■怪人二十面相

■原作:江戸川乱歩,演出:山口茜,出演:高杉征司,日置あつし,芦谷康介,達矢,佐々木ヤス子,劇団:サファリ・P
■こまばアゴラ劇場,2019.8.1-4
■科白と身体の独特なシンクロナイズに驚きました。 5人の役者が素早く入れ替わって怪人二十面相の変装を成し遂げる過程は見事です。 言葉も変装していく。 「いつ変装したか覚えていない」と怪人自身が言っている。 彼の人格は一つだと思っていました。 これが崩れてしまった。 彼は二十(=多くの)の他人からできている。 次々と他者に変身していく舞台は不思議感が漂います。 考えさせられました。
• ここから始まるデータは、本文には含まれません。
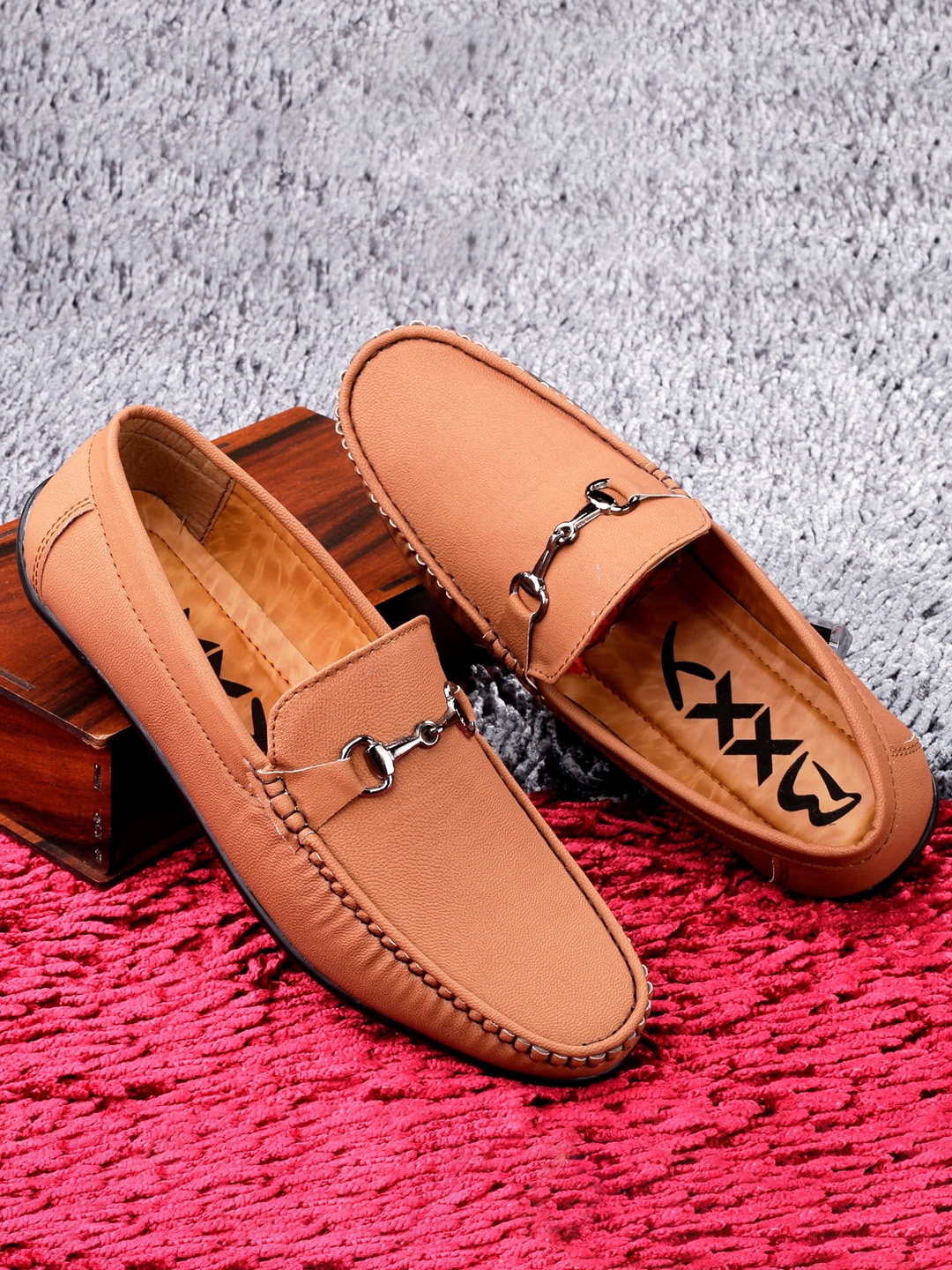 

Bxxy Men Round Toe Loafers, Brown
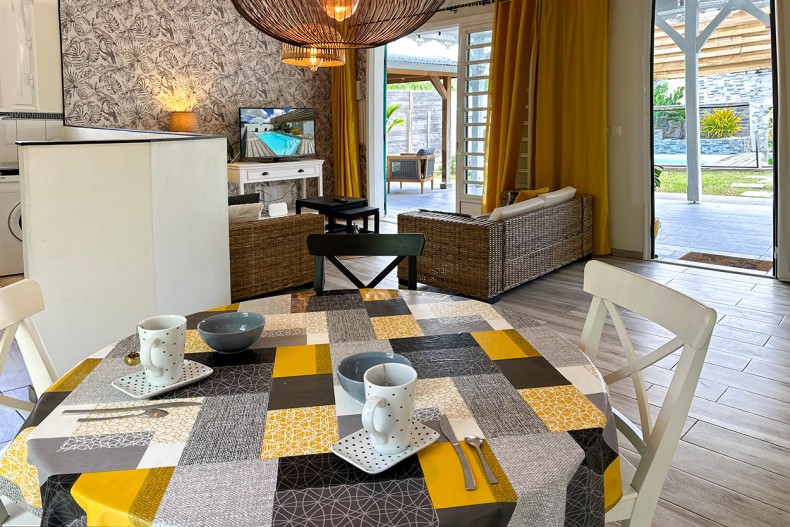 Petite Cascade de Sainte Anne table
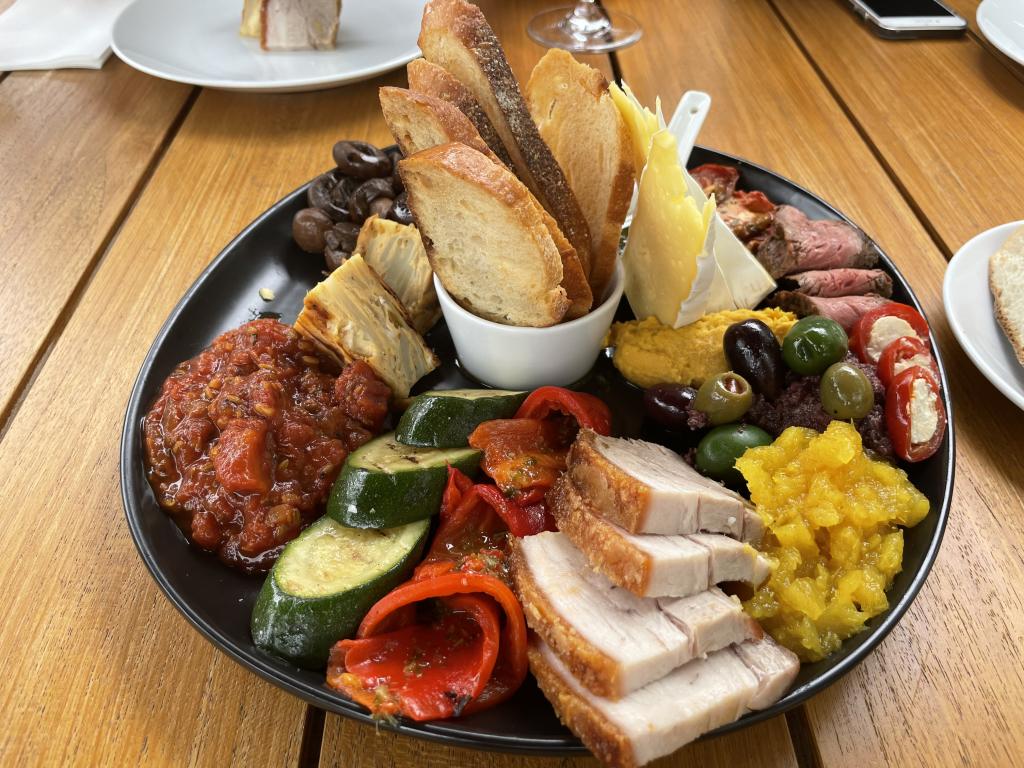 The beautiful platter lunch featuring local produce at Poppies Martinborough.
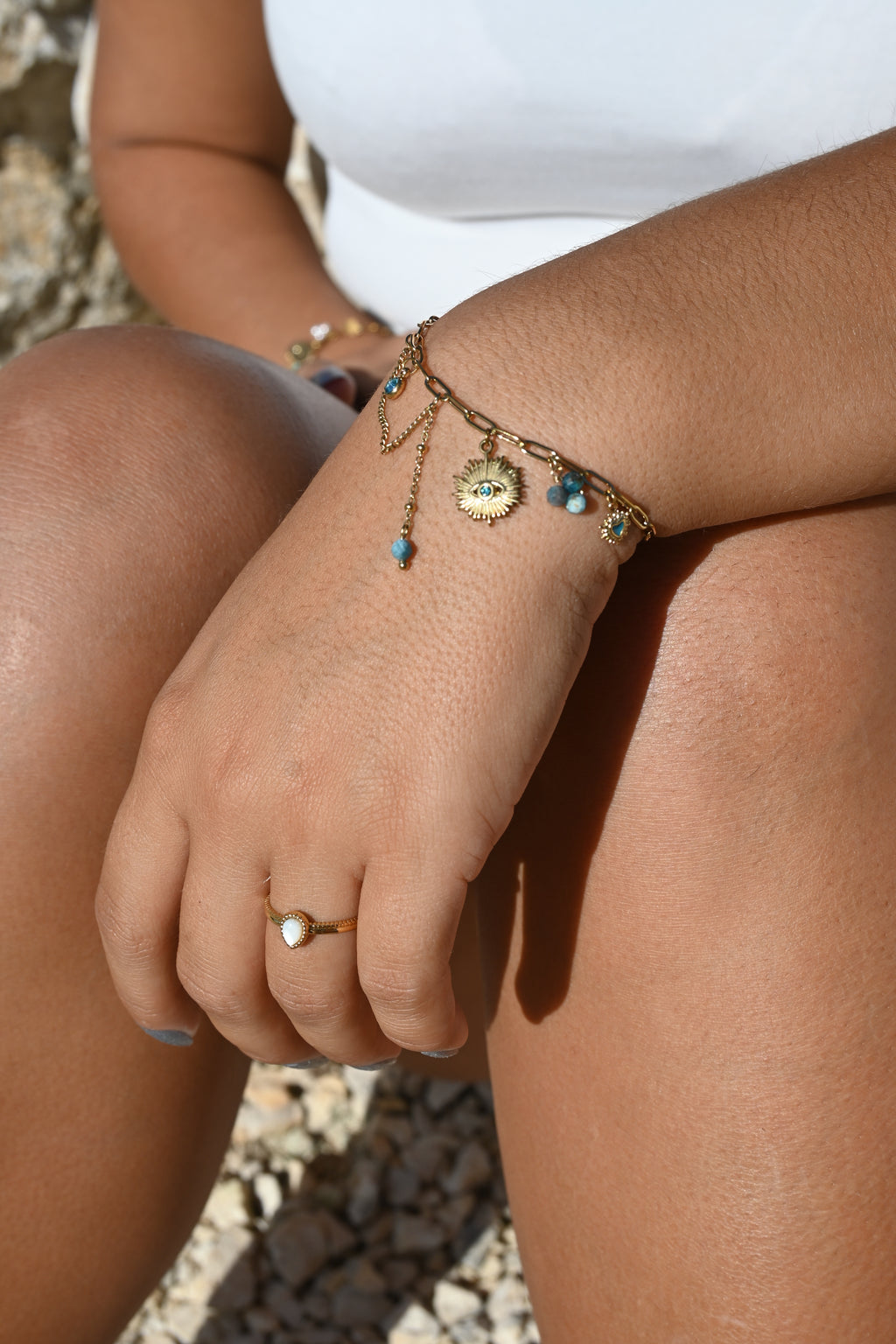 Bracelet Aïcha – Perle ou Sodalite & Pendentif Œil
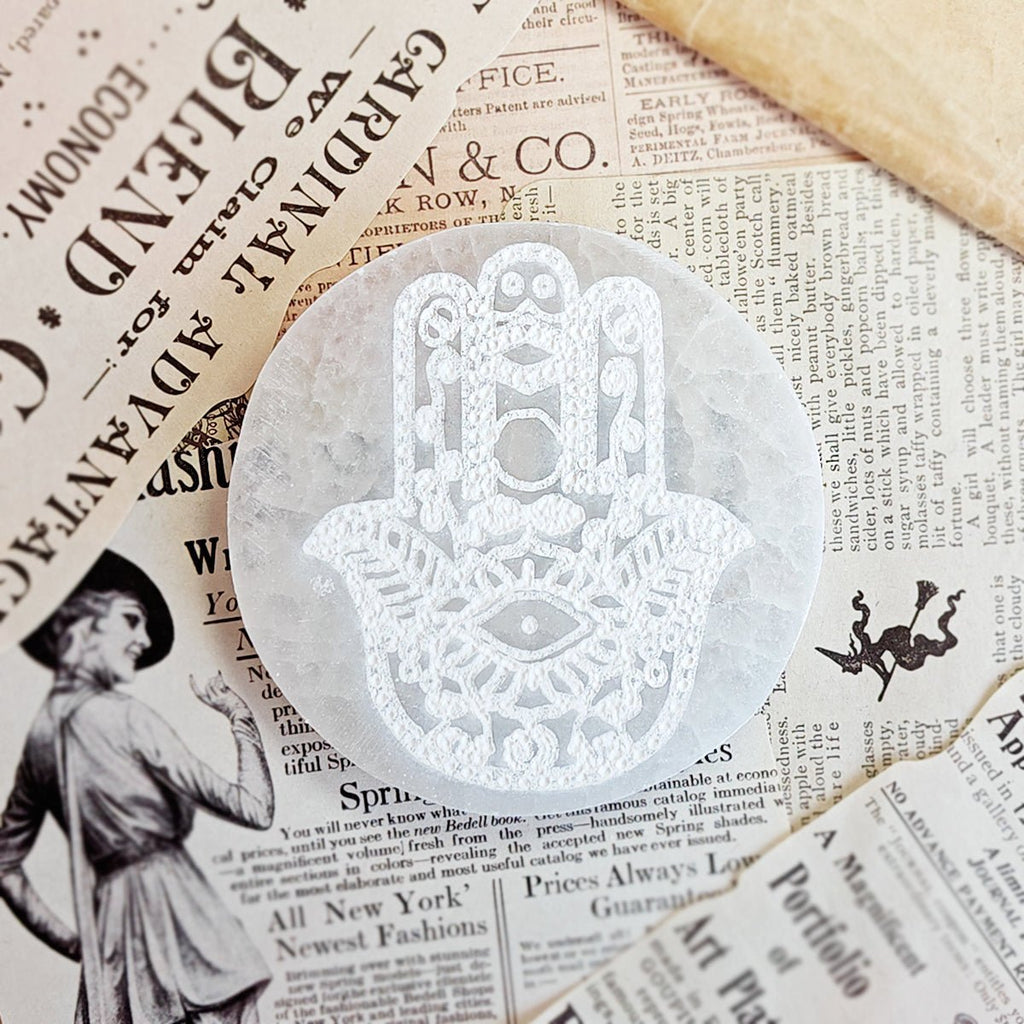 Altar de Selenita con Mano de Fátima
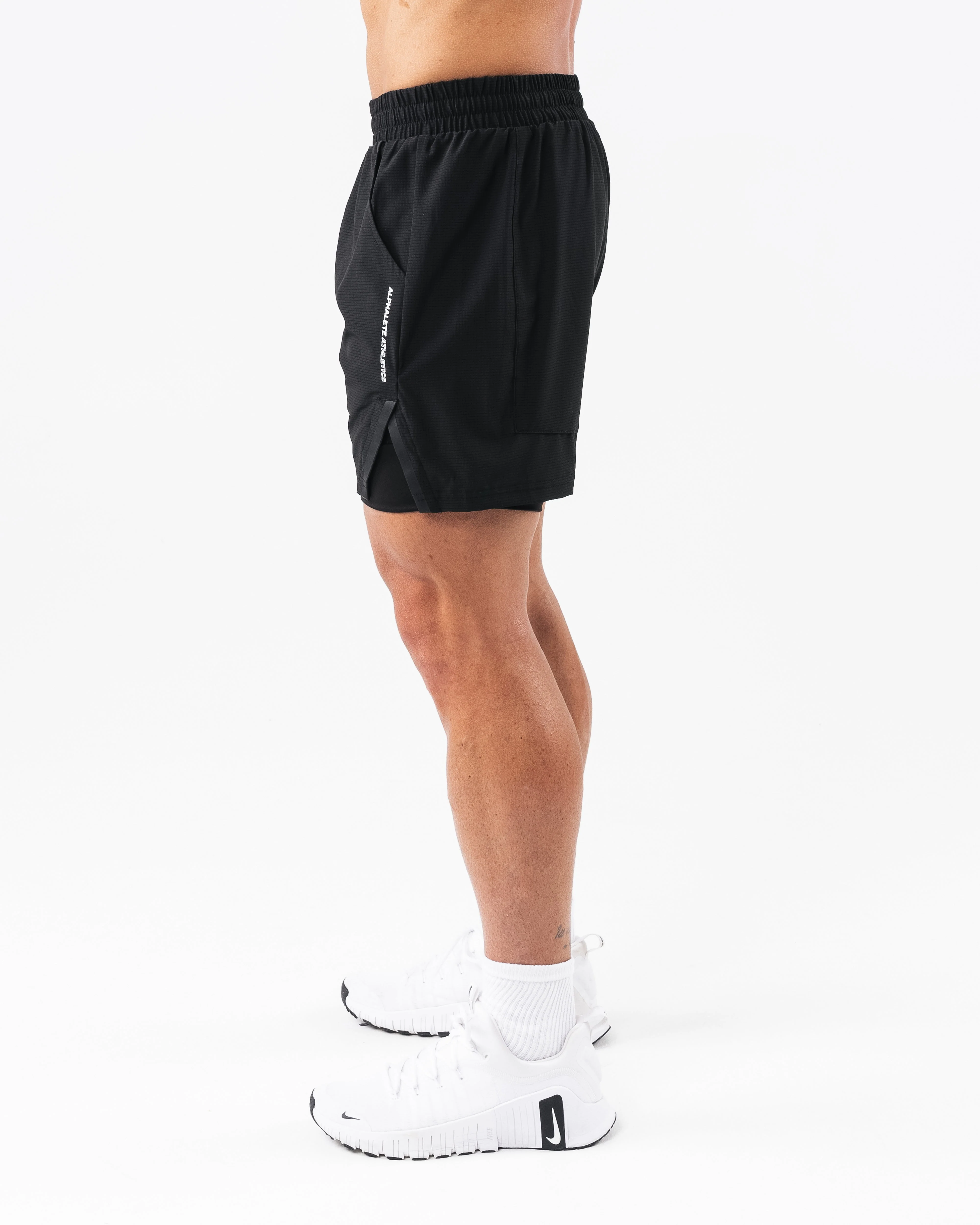 Infinity Short - Black - Image 4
科白の連なりを役者間で引き継いでいく舞台はよくある。 でも言葉はそのまま次の役者の身体に移るだけです。 しかし怪人二十面相という変換機構を通すと言葉も身体も変装して次に引き継がれていく。 言葉が引き継がれる身体に反発力が有るから出来ることなのでしょう。 日常動作をダンスに変換しているのも成功の一因です。 科白が身体動作と結合分離を繰り返しこの変換が完成されるということが分かりました。
床穴ライトや指輪ライトなどスポット照明の使い方も面白い。 まとまり過ぎている感じもある。 怪人二十面相が何者なのか?今やっと理解できました。